2.破壊的技術を使いこなすスマート自治体への転換
  • 上記のような仕組みを構築するためには、全ての自治体で業務の自動化・省力化につながる破壊的技術(AIやロボティクス、ブロックチェーンなど)を徹底的に使いこなす必要がある。AI・ロボティクスが処理できる事務作業は全てAI・ロボティクスによって自動処理することにより、職員は企画立案業務や住民への直接的なサービス提供など職員でなければできない業務に注力するスマート自治体へと転換する必要がある。
  • スマート自治体への転換は、自治体職員が本来の機能を発揮し、地域に必要とされる役割を果たす好機である。スマート自治体への転換に当たり、職員に求められる能力は変容する。高い専門性や企画調整能力、コミュニケーション能力が必要になることを踏まえ、組織に必要な人材を確保する観点から、長期的な視点で職員の能力開発や教育・訓練が求められる。
  • 各自治体においては、業務プロセスや制度自体の複雑さや冗長性を取り除く必要がある。個々の自治体での内部検討にとどまらず、近隣自治体や人口規模が類似した他自治体との比較によって効率的な業務プロセスを追求する取組を促す仕組みが求められる。
  • AI・ロボティクスの導入・運用を含め、特に専門的な能力を有する人材を確保する必要がある分野については、当該人材が複数の自治体の業務を行うことが有用であり、都道府県・市町村の枠を越えた柔軟な人事運用を可能にする仕組みが必要である。

3.自治体行政の標準化・共通化
  • 行政内部(バックオフィス)の情報システムについて、自治体ごとに開発し部分最適を追求することで生じる重複投資をやめる枠組みが必要である。
  • 我が国全体では情報システムの標準化・共通化によって情報システム経費が軽減される一方、個々の自治体ではデータ移行、研修・訓練などの負担が発生することから、一時的な個々の自治体の負担を軽減する必要がある。
  • 自治体にはそれぞれ既存の情報システムがある。このため、システム更新時期にあわせて無理なく円滑に統合できるように、期限を区切って標準化・共通化を実施する必要がある。

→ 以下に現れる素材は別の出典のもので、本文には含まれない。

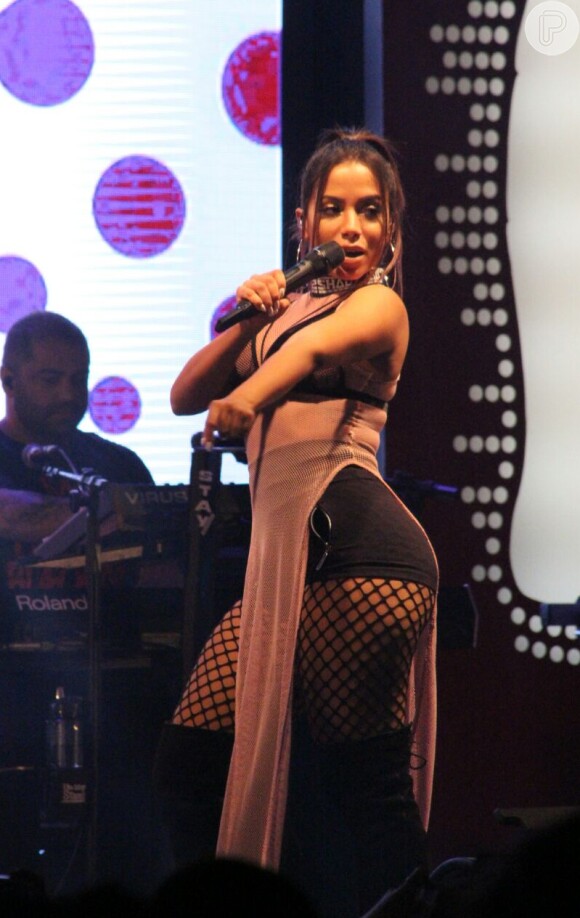 A cantora Anitta é adepta de looks ousados e transparentes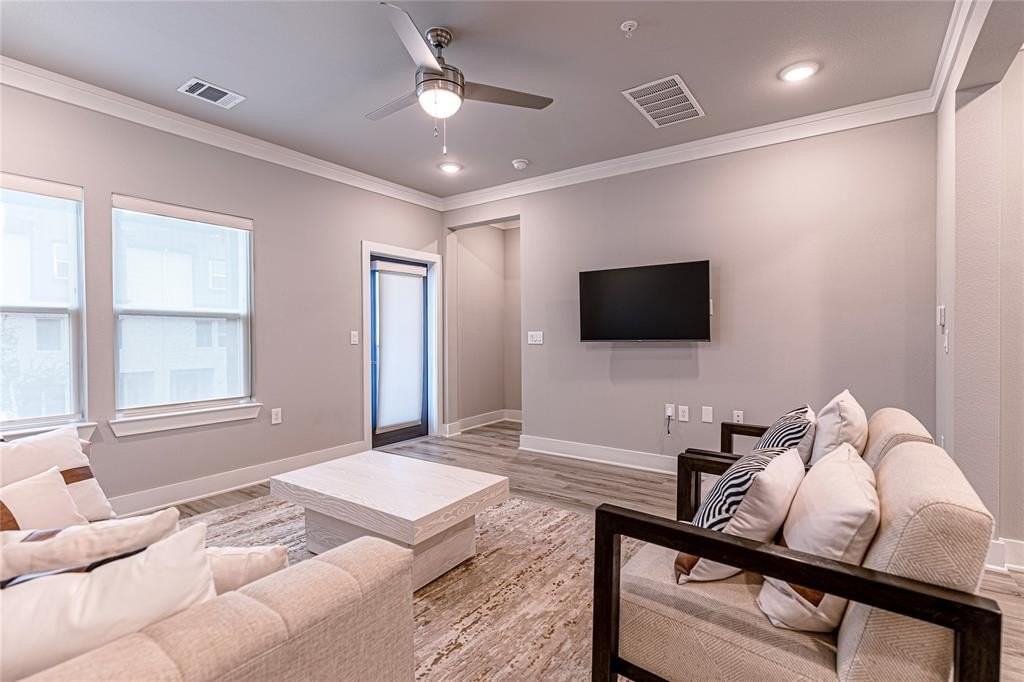 3304 Norris St - Photo 6 of 25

  • 行政と利用者とのインターフェイス(行政手続)については、住民・企業の利便性の観点から一元化を優先させ、電子化と様式の標準化を進める必要がある。
  • 自治体の情報システムや申請様式は、法律の根拠なく、各自治体においてカスタマイズされてきたものが多い。新たに生ずる事務に関しては、国が予算措置をすることによって共通のシステムや仕様を使用できるようにすることも可能であり、これまで、そのような取扱いが各種行政分野で行われてきた今後、既存の情報システムや申請様式の標準化・共通化を実効的に進め。ていくためには、新たな法律が必要となるのではないか。